Geometric Squeezing of a Degenerate Fermi Gas

Quantum simulation with ultracold gases provides a highly customizable platform for the study of many-body physics, shedding new light on important physical systems. Magnetic fields or, equivalently in the case of a uniform, static field, rotation are especially important parameters for many-body systems including nuclear matter, neutron stars, superfluid helium, and clean conductive samples exhibiting the quantum Hall effect. This thesis details the construction of a new experiment to study rapidly-rotating quantum gases, and two experimental results from the new apparatus. The procedure of geometric squeezing utilizes a rotating, elliptical harmonic trap to realize the squeezing Hamiltonian for guiding center motion.
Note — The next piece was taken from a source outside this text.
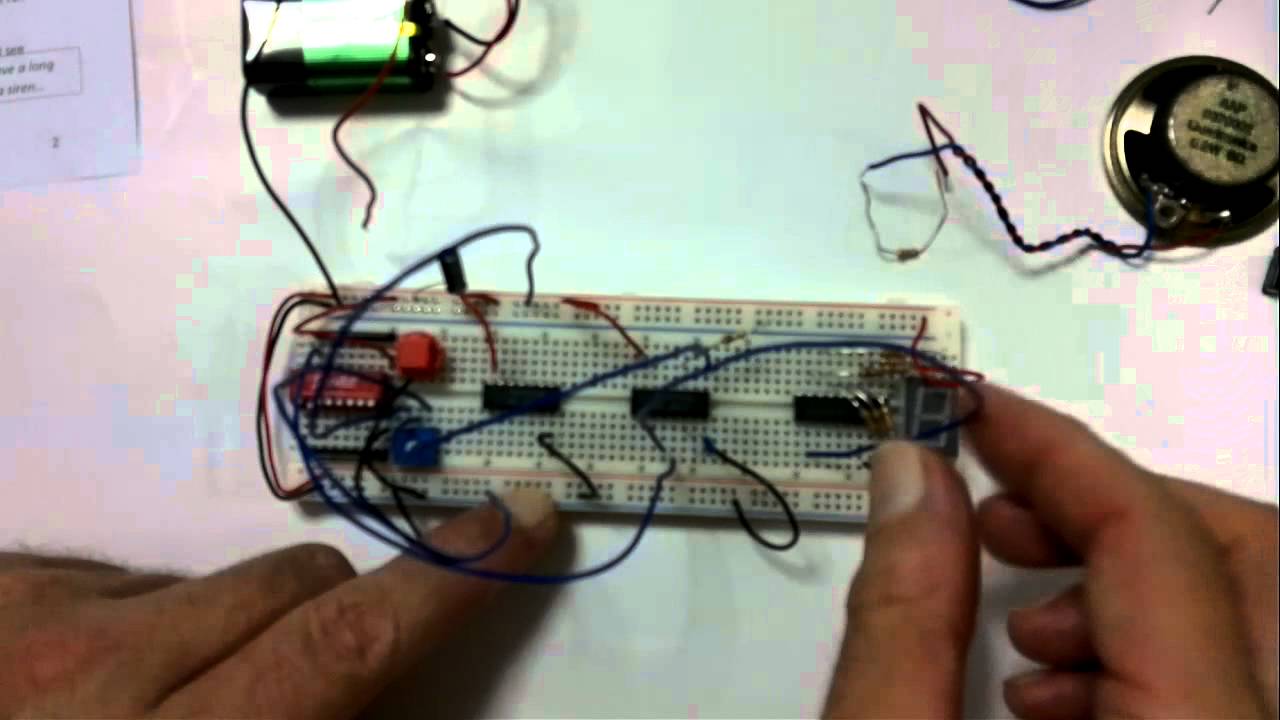 Viewing the CD4046 VCO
We first outline the observation of a geometrically squeezed state of a rapidly-rotating Bose-Einstein condensate entering the lowest Landau level. We also measure its Hall response, analogous to the 𝐸 × 𝐵 drift of charged particles in crossed electric and magnetic fields. We then detail the realization of a geometrically squeezed state of a rapidly rotating, non-interacting atomic Fermi gas and the measurement of its Hall drift velocity. The Fermi gas shrinks down in one direction to a size limited by the width of the highest occupied Landau level. In the orthogonal direction it expands exponentially, at a local speed given by the local Hall drift velocity. We examine the physics away from the rapidly rotating regime and find that it is well described by the phase space evolution of the Fermi surface under the influence of Coriolis and centrifugal forces, in direct analogy to the cranking model for rotating nuclei.